Ne pas porter un masque contaminé

Mais empêche-t-il les personnes saines de contracter la maladie? «Pas vraiment, répond Pauline. Si une personne atteinte du coronavirus vous éternue dessus et que vous portez un masque, ça peut aider. Mais il faut tout de suite s'en débarrasser et se laver les mains. Car en gardant un masque contaminé, vous avez un fort risque de tomber malade.»

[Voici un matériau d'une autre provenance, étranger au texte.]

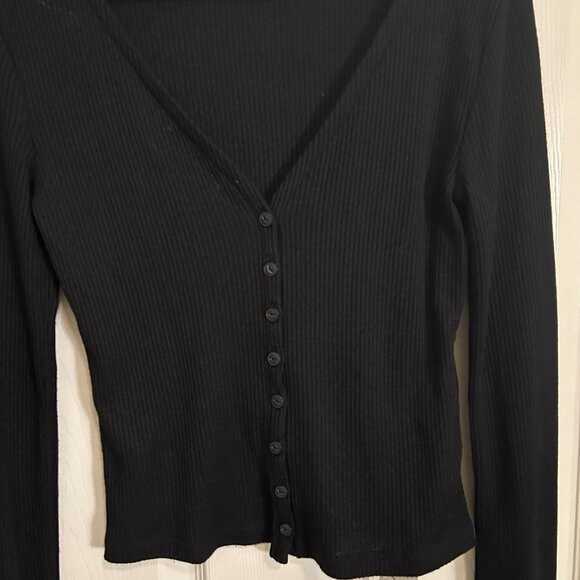 Rag & Bone The Knit Rib Cardigan Black Button Down Long Sleeve SZS Lightweight - Picture 6 of 10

De plus, un masque ne protège pas celui qui le porte si le virus est en suspension dans l'air. «Si on reste suffisamment longtemps à proximité d'un malade, par exemple lors d'un long déplacement en transports publics, ou si on rentre dans la chambre d'un patient, on peut être contaminé même avec un masque chirurgical sur le nez. Seul un masque de type ffp2 est une protection sûre dans ce genre de cas. D'ailleurs, en milieu hospitalier, ceux-ci sont surtout utilisés dans les situations à risques, comme une intubation.»

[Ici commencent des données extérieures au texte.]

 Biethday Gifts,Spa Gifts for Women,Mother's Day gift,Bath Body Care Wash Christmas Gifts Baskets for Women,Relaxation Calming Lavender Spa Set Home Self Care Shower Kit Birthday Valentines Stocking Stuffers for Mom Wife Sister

Ce qui signifie qu'un vendeur ou un livreur, par exemple, ne reste pas assez longtemps en présence d'un éventuel malade pour que le port d'un masque fasse la différence. Ce sont donc avant tout les contacts, même indirects, que ces travailleurs doivent fuir. Se désinfecter les mains et éviter de se toucher le visage restent donc les meilleures armes de prévention.

*Prénom d'emprunt

Plaqué ou non, c'est la grande différence

Le masque chirurgical et le ffp2 sont les modèles les plus courants. La grande différence entre eux: le premier ne s'adapte pas de manière hermétique au visage, alors que le second se plaque autour de la bouche et du nez (système bec de canard). Ainsi, seul ce dernier protège son porteur des particules en suspension, puisqu'il filtre l'air. De plus, sa trame est très fine et peut ainsi faire barrage à certains virus que le masque de chirurgien laissera passer. C'est pour cette même question de trame que porter un bandana ou une écharpe sur son visage sera utile pour ne pas respirer de la poussière ou du pollen, mais que ça n'aura aucun impact sur les agents infectieux.